Sarah Sutton's monochromatic oil paintings are landscape paintings and psychological terrains. They are stuffed with representational narrative while frequently veering into fields of abstraction. They combine images and collide them. They are exploded views filled with imploded moments. They emit an aura of cacophony while resonating with interior structures and repeating patterns. They present themselves as cohesive, singular, all-encompassing entities which are nonetheless constructed by thousands of the tiniest painterly marks. Their entireties push us back to take it all in while their details pull us forward, resisting any singular resolution of pictorial space. They are maddeningly vexing and undeniably beautiful. They are moments of dread mixed with breathless epiphanies.
The overall visual terrain is never fixed, with smaller scenes swirling within the larger landscape elements, sometimes so small they can be easily missed without virtually pressing against the work. Sutton plays with scale and the viewer's expectations simultaneously, demanding perpetually shifting distances from which to consider the paintings. Not merely because there are larger and smaller paintings, but detail and resolve modulate perennially inside single works. There are strong optical and psychological effects that derive from this painterly manipulation. Things are concealed and revealed simultaneously as our eyes dart about, wondering where to land and what to consider.
Representation and abstraction are among the major elements that collude visually in Sutton's work. It's not readily apparent where one ends and another begins.

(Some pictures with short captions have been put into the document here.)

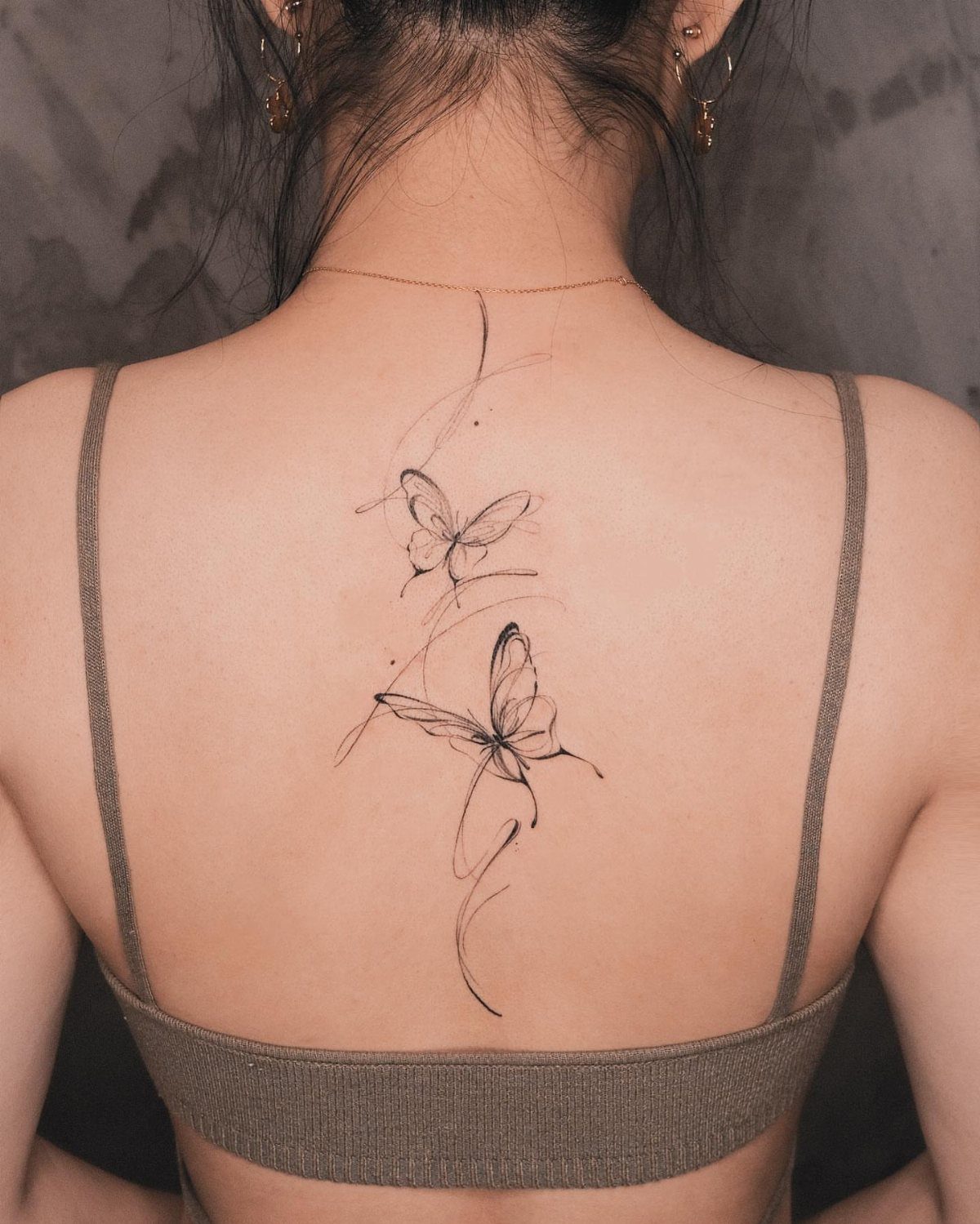 Two butterfly tattoos with flowing lines on a woman's upper back.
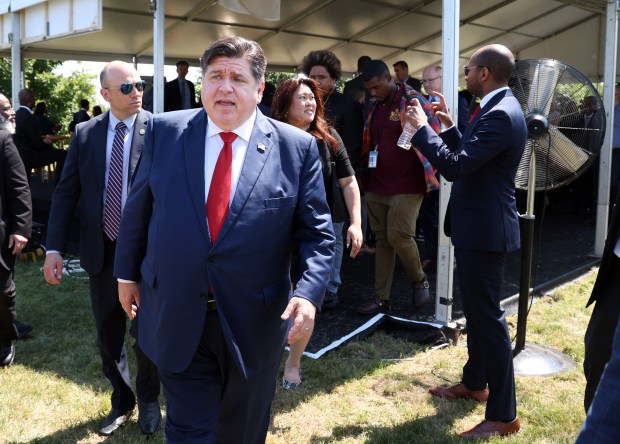 Illinois Gov. JB Pritzker, center, prepares to speak to reporters at a press conference on July 25, 2024, at the former U.S. Steel South Works site in Chicago where it was announced that the Illinois Quantum & Microelectronics Park will be built. (Terrence Antonio James/Chicago Tribune)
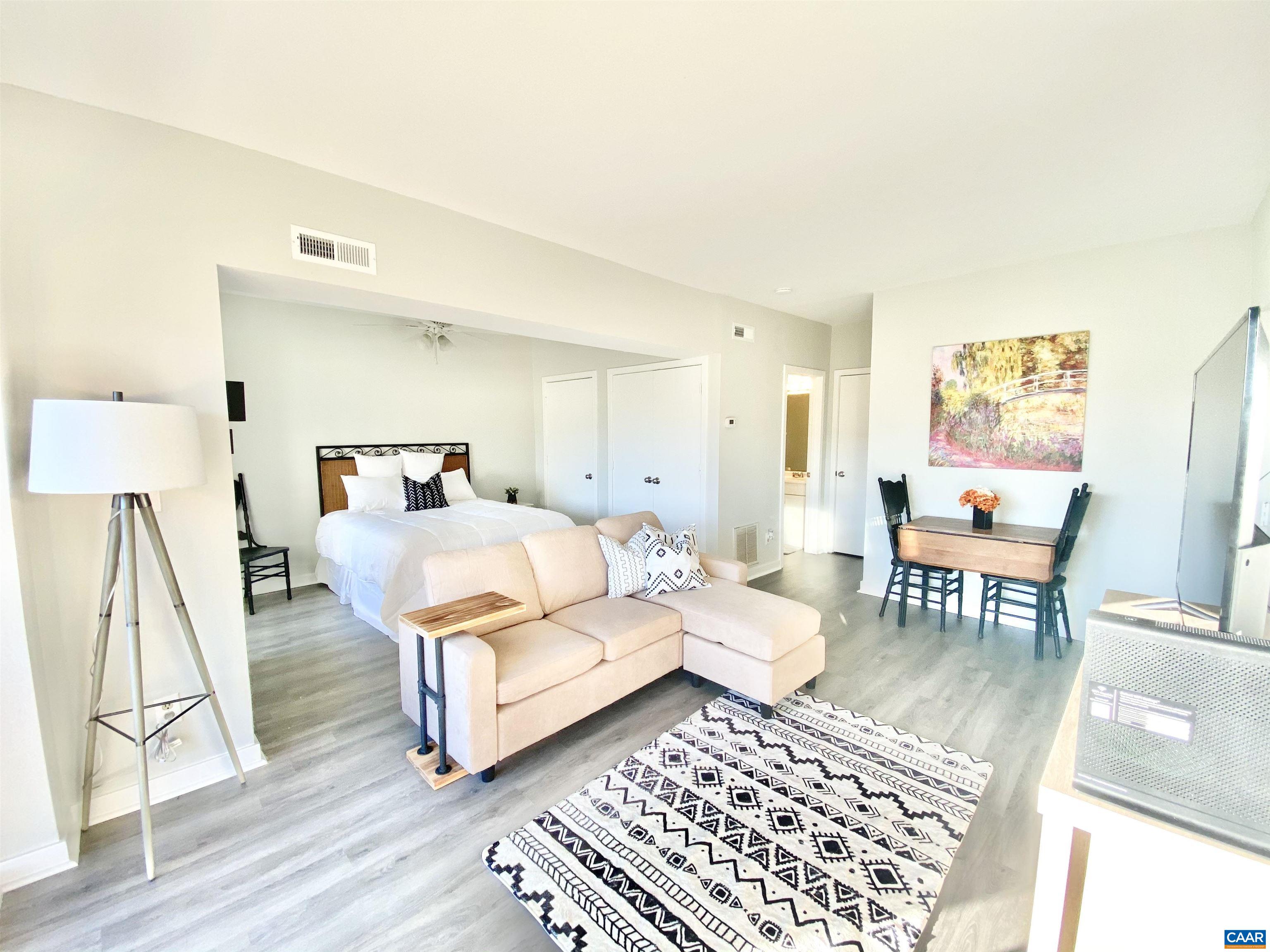 1608 A Monticello Avenue Charlottesville, VA 22902 - Photo 10 of 16 a bedroom with furniture and a rug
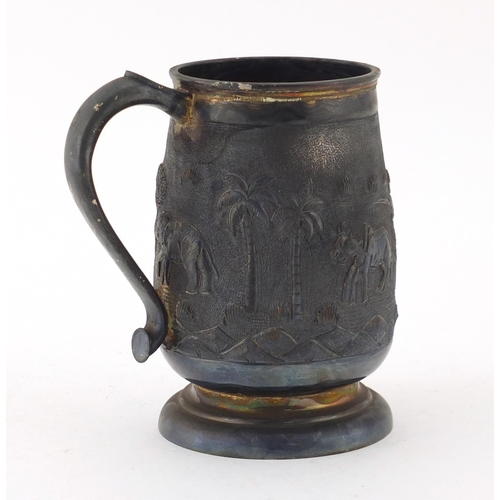 854 - Indian unmarked silver tankard embossed with a farmer and cattle, 13cm high, approximate weight 347.... 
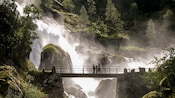 Three people stand on a bridge looking out with a waterfall cascades down rocks behind them
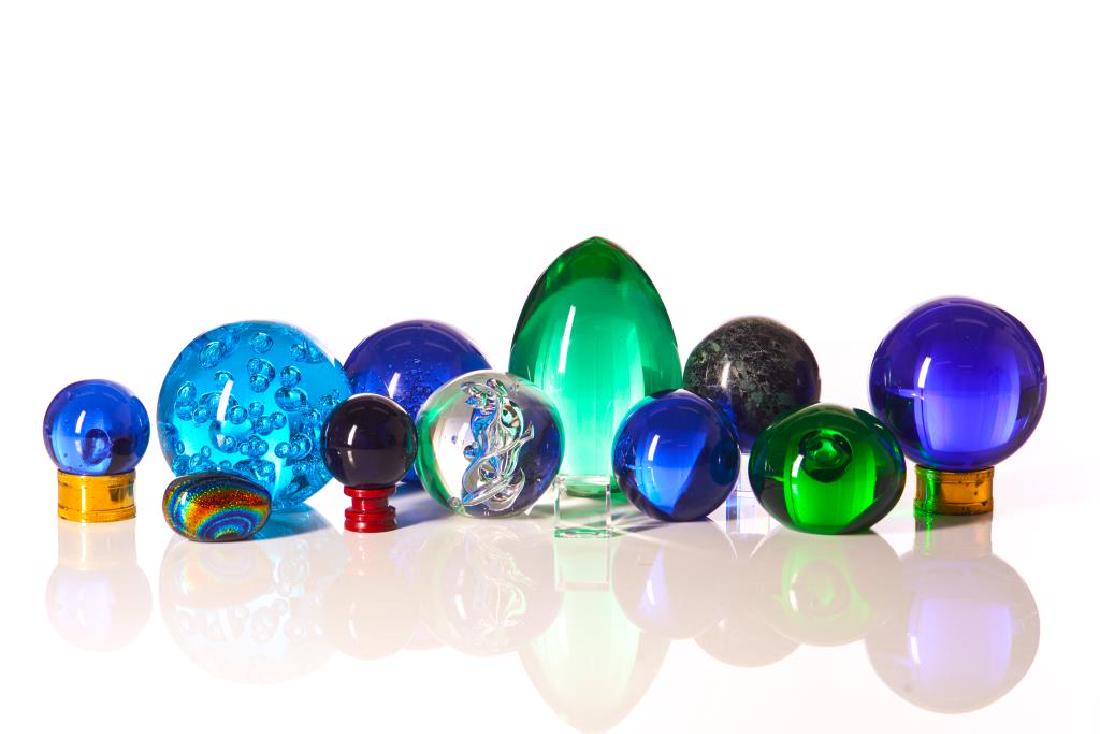 Assorted coloured glass paperweights and spheres Mar 26, 2019 A.H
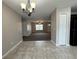 Dining area with tile floors and a chandelier at 2650 Sw 162Nd Ln, Ocala, FL 34473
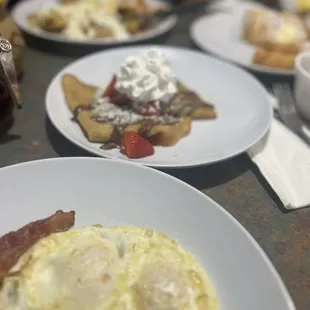 Nutella strawberry crepe and over easy egg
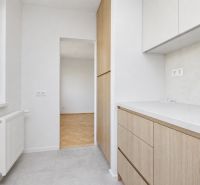 A kitchen with cabinets and a view of the floor with a wooden decor in a 3-room apartment.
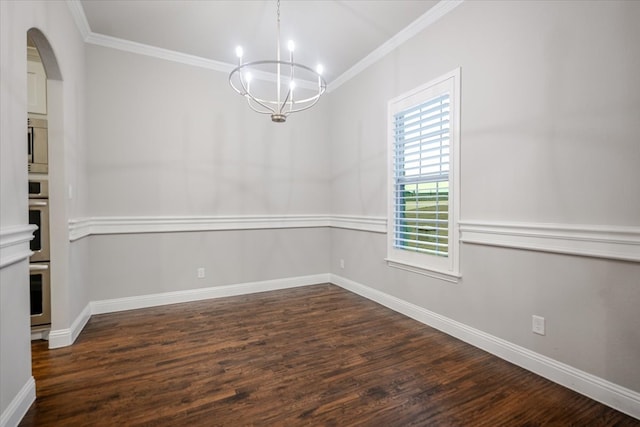 spare room with baseboards, dark wood-type flooring, an inviting chandelier, and crown molding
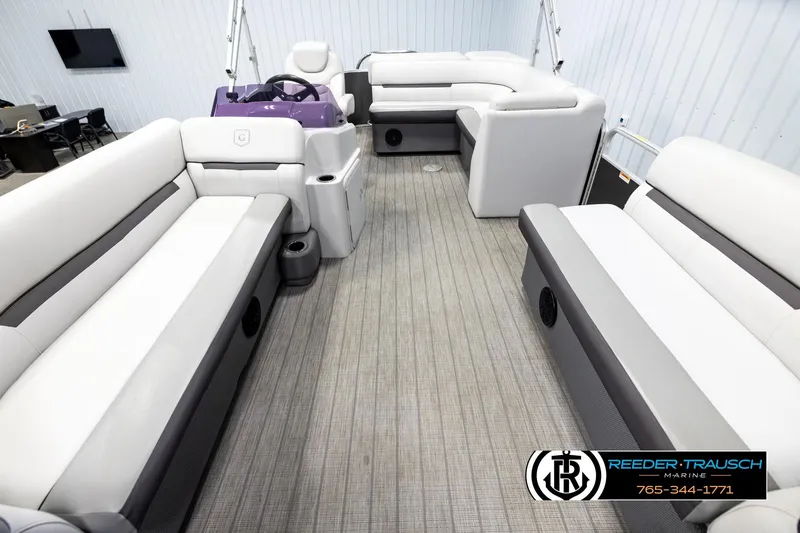 Slide: The Image of 2019 Sweetwater SW2086c pontoon boat interior with plush seating and modern design. - 13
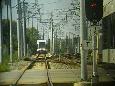 HBLRT Light Rail Vehicle (LRV) from Bayonne to Hoboken Terminal approaches Liberty State Park station, with most of group aboard.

There is a rapturous quality to her painting style that blends the two in a fluid manner that suggests that these images constructed from disparate and disjunctive elements are somehow configured as they should be, which is her effective resolution of the painterly space. Within this, her mark making is not singular—sometimes lush and languid, sometimes sharp and abrupt—but is always directed toward making the visual cacophony a singular whole.